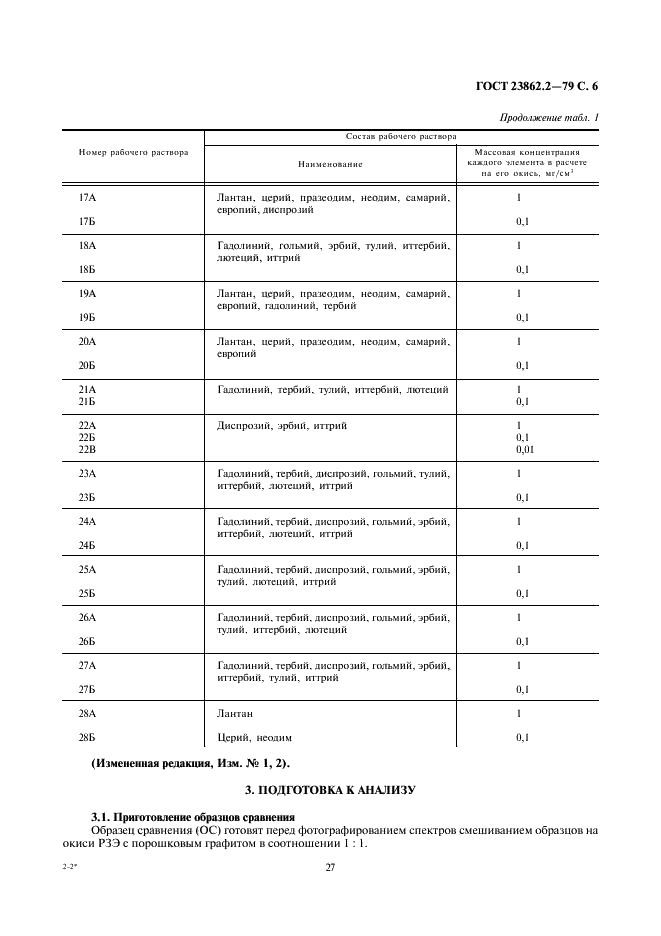 ГОСТ 23862.2-79 Редкоземельные металлы и их окиси. Прямой спектральный метод определения примесей окисей редкоземельных элементов (фото 6 из 41)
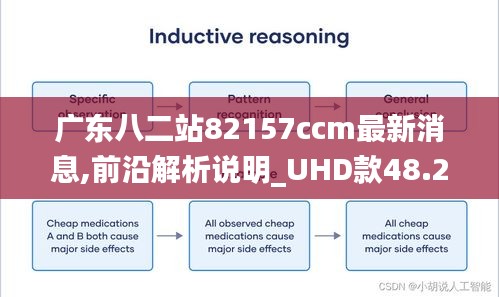 间不容发 第4页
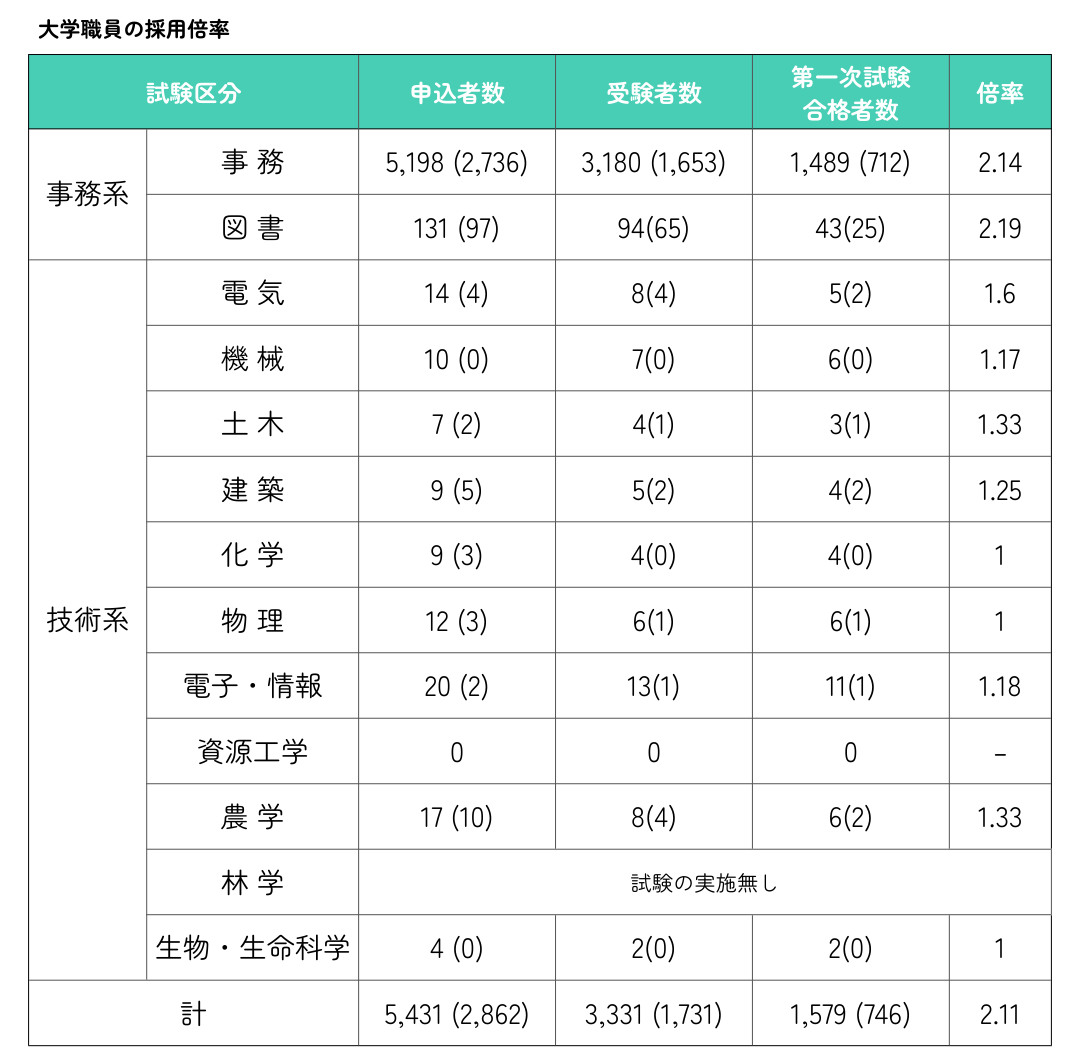 大学職員の採用倍率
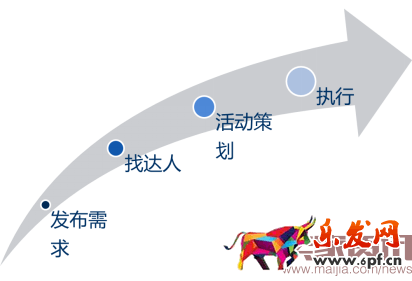 達(dá)人直播,為我?guī)?lái)不一樣的流量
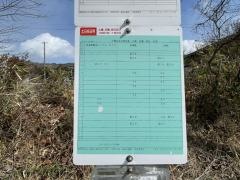 「永田工業団地」バス停留所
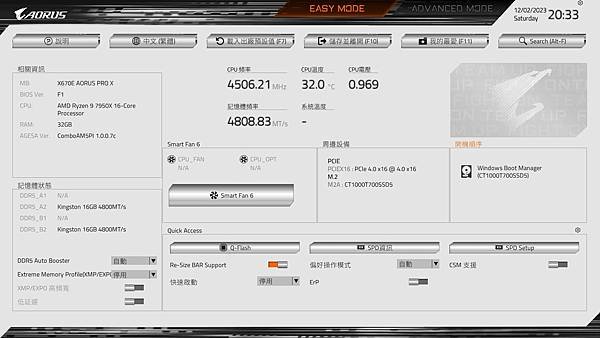 AMD AM5 銀白鷹神 X670E AORUS PRO X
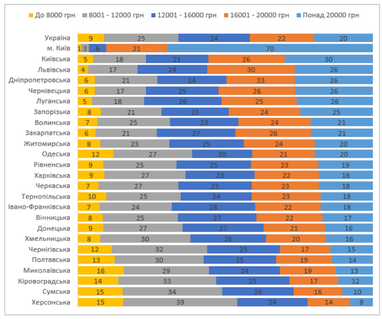 Інфографіка: <a href="https://www.helvetas.org/">www.helvetas.org/</a>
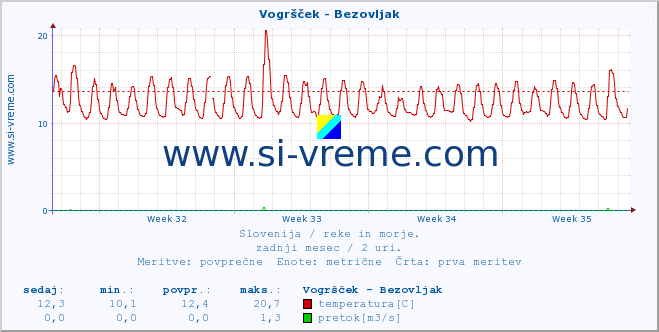 POVPREČJE :: Vogršček - Bezovljak :: temperatura | pretok | višina :: zadnji mesec / 2 uri.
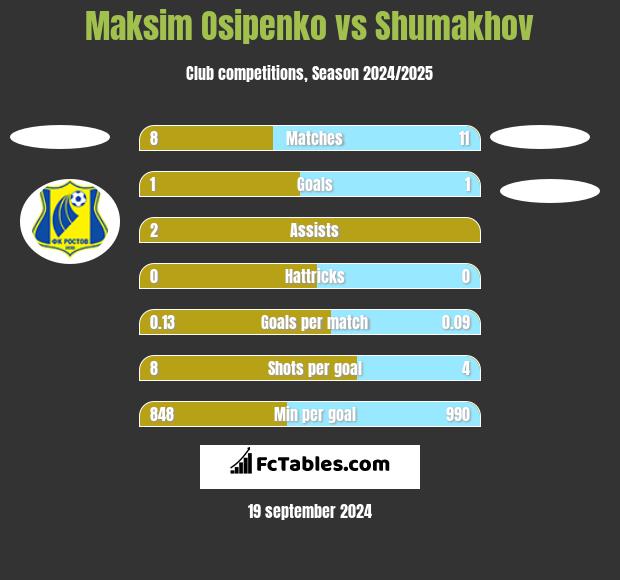 Maksim Osipenko vs Shumakhov h2h player stats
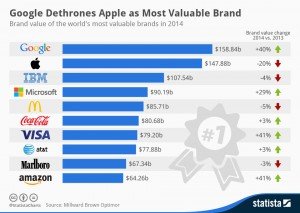 google has dethroned apple as most valuable brand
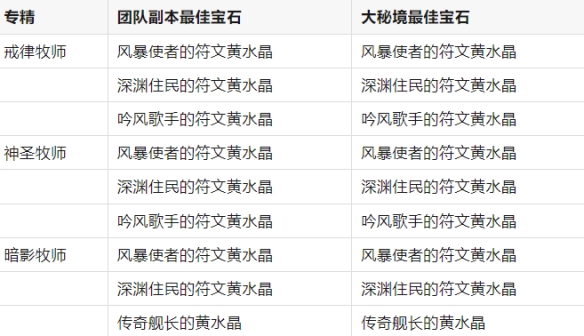 《魔兽世界》11.0.7全职业最佳黄水晶搭配一览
-=-=-
### ACTIVITY
Reproduce all of the material exactly, apart from the pictures.

### OUTPUT FOR THIS EXERCISE
 ГОСТ 23862.2-79 Редкоземельные металлы и их окиси. Прямой спектральный метод определения примесей окисей редкоземельных элементов (фото 6 из 41)
 间不容发 第4页
 大学職員の採用倍率
 達(dá)人直播,為我?guī)?lái)不一樣的流量
 「永田工業団地」バス停留所
 AMD AM5 銀白鷹神 X670E AORUS PRO X
 Інфографіка: <a href="https://www.helvetas.org/">www.helvetas.org/</a>
 POVPREČJE :: Vogršček - Bezovljak :: temperatura | pretok | višina :: zadnji mesec / 2 uri.
 Maksim Osipenko vs Shumakhov h2h player stats
 google has dethroned apple as most valuable brand
 《魔兽世界》11.0.7全职业最佳黄水晶搭配一览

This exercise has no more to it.